(Short web captions)
● ● ●
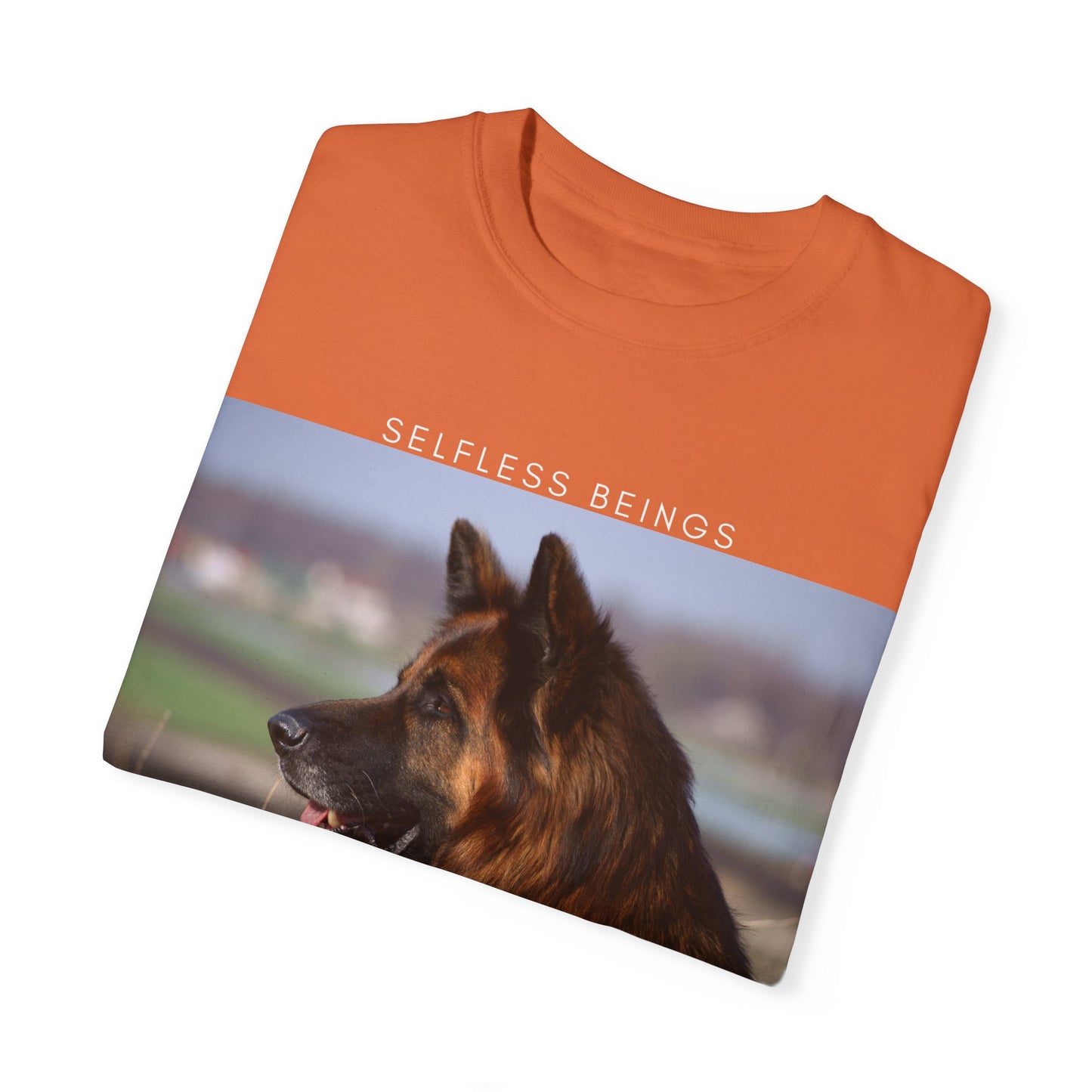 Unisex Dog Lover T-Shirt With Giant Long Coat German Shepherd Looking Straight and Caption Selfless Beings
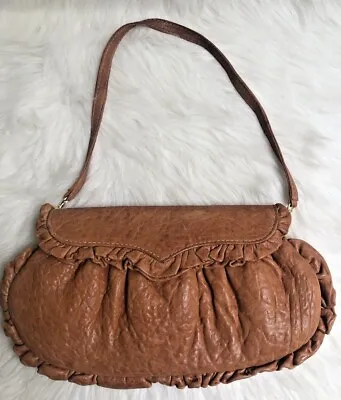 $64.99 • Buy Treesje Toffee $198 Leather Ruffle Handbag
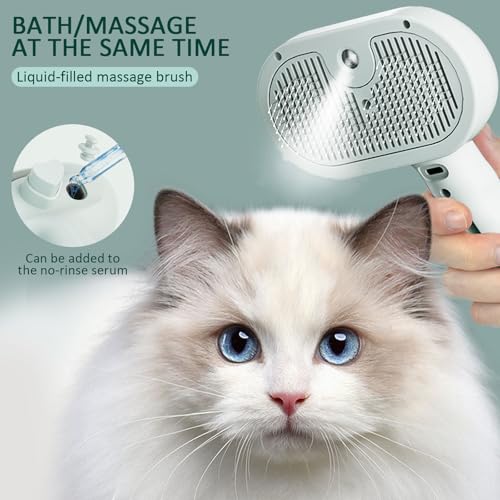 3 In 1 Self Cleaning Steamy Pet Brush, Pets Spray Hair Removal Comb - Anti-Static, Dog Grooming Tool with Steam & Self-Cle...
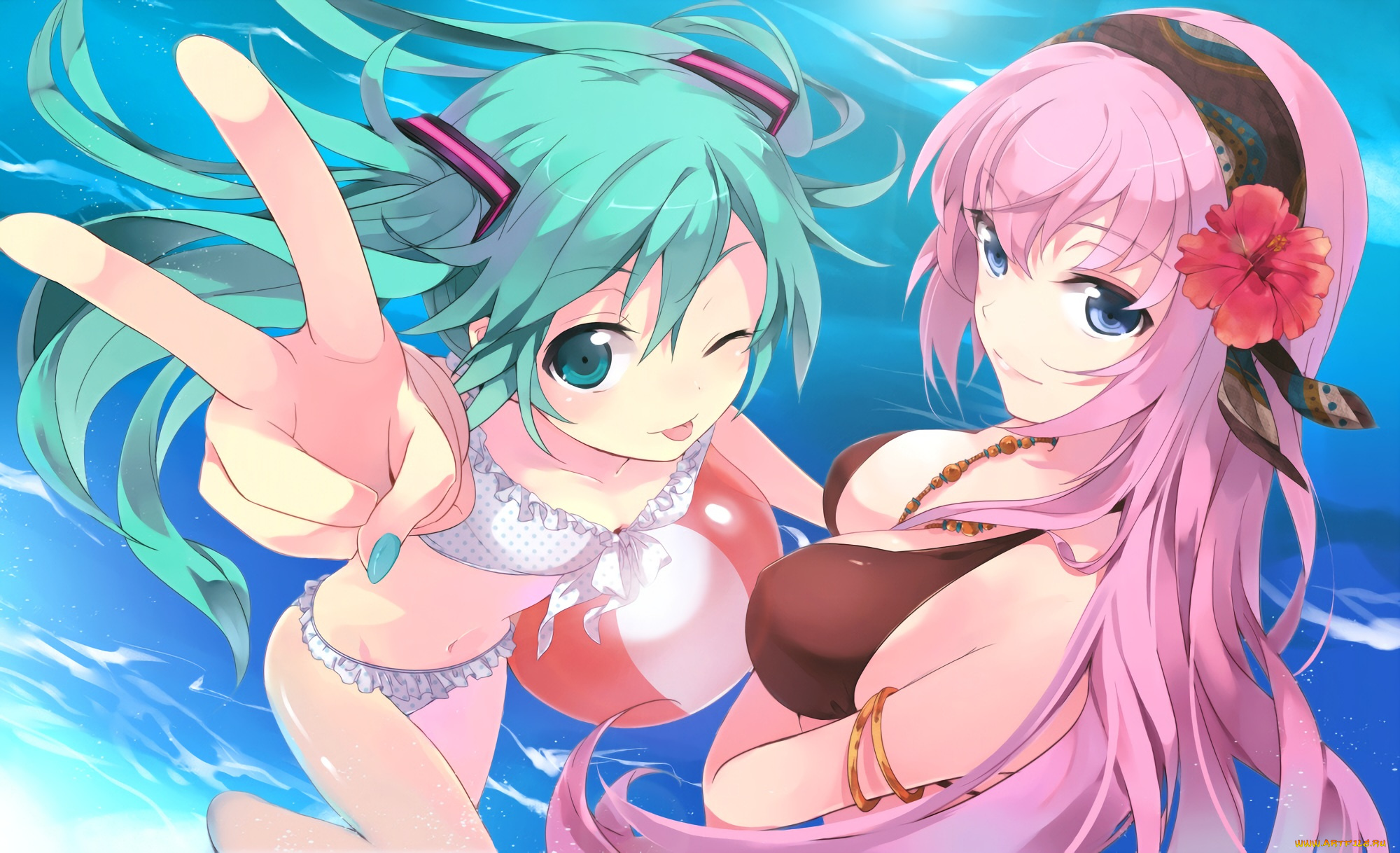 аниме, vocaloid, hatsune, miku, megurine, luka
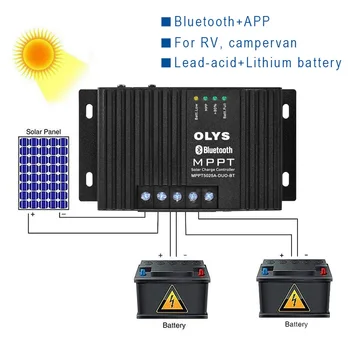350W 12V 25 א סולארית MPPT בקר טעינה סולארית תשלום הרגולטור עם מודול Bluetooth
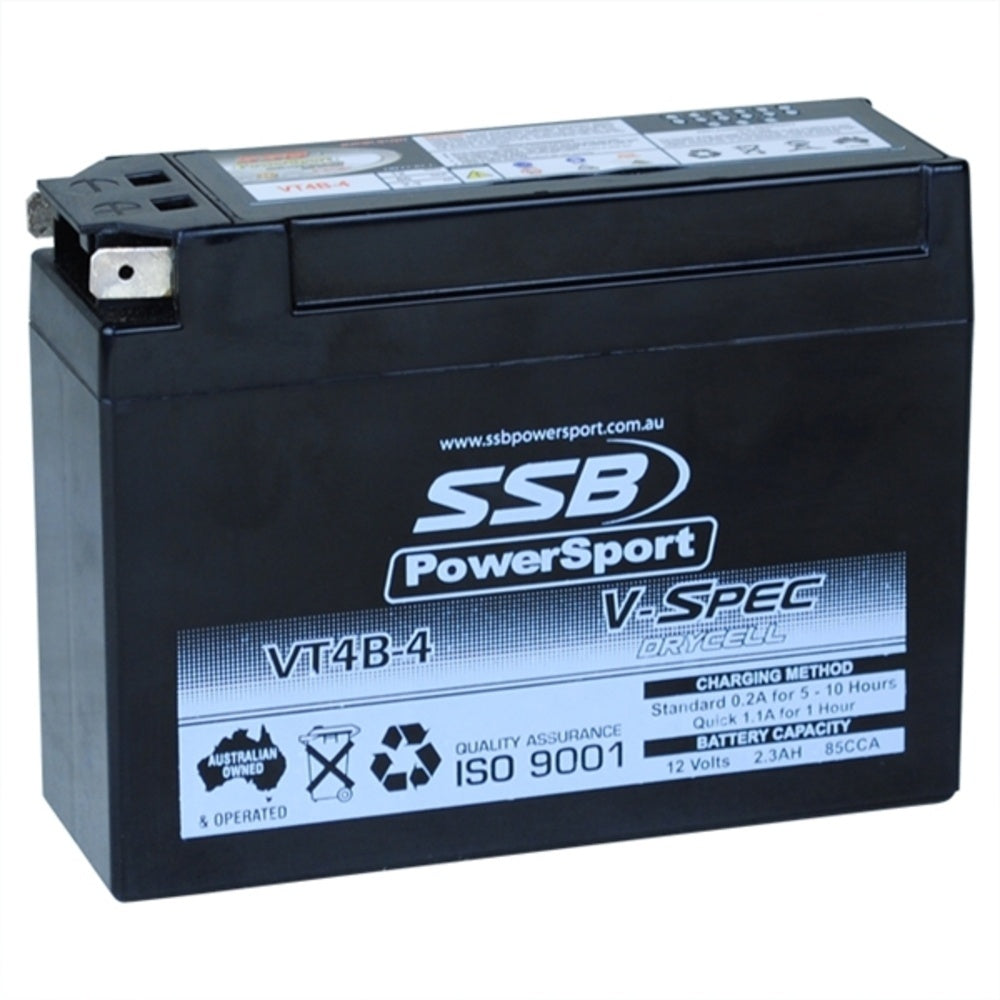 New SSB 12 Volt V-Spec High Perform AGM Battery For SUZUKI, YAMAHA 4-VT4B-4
● ● ●
TASK PROMPT >>
Your task is to set down every entry exactly, leaving out any picture it contains.

RESPONSE FOR THIS EXERCISE >>
 Unisex Dog Lover T-Shirt With Giant Long Coat German Shepherd Looking Straight and Caption Selfless Beings
 $64.99 • Buy Treesje Toffee $198 Leather Ruffle Handbag
 3 In 1 Self Cleaning Steamy Pet Brush, Pets Spray Hair Removal Comb - Anti-Static, Dog Grooming Tool with Steam & Self-Cle...
 аниме, vocaloid, hatsune, miku, megurine, luka
350W 12V 25 א סולארית MPPT בקר טעינה סולארית תשלום הרגולטור עם מודול Bluetooth
 New SSB 12 Volt V-Spec High Perform AGM Battery For SUZUKI, YAMAHA 4-VT4B-4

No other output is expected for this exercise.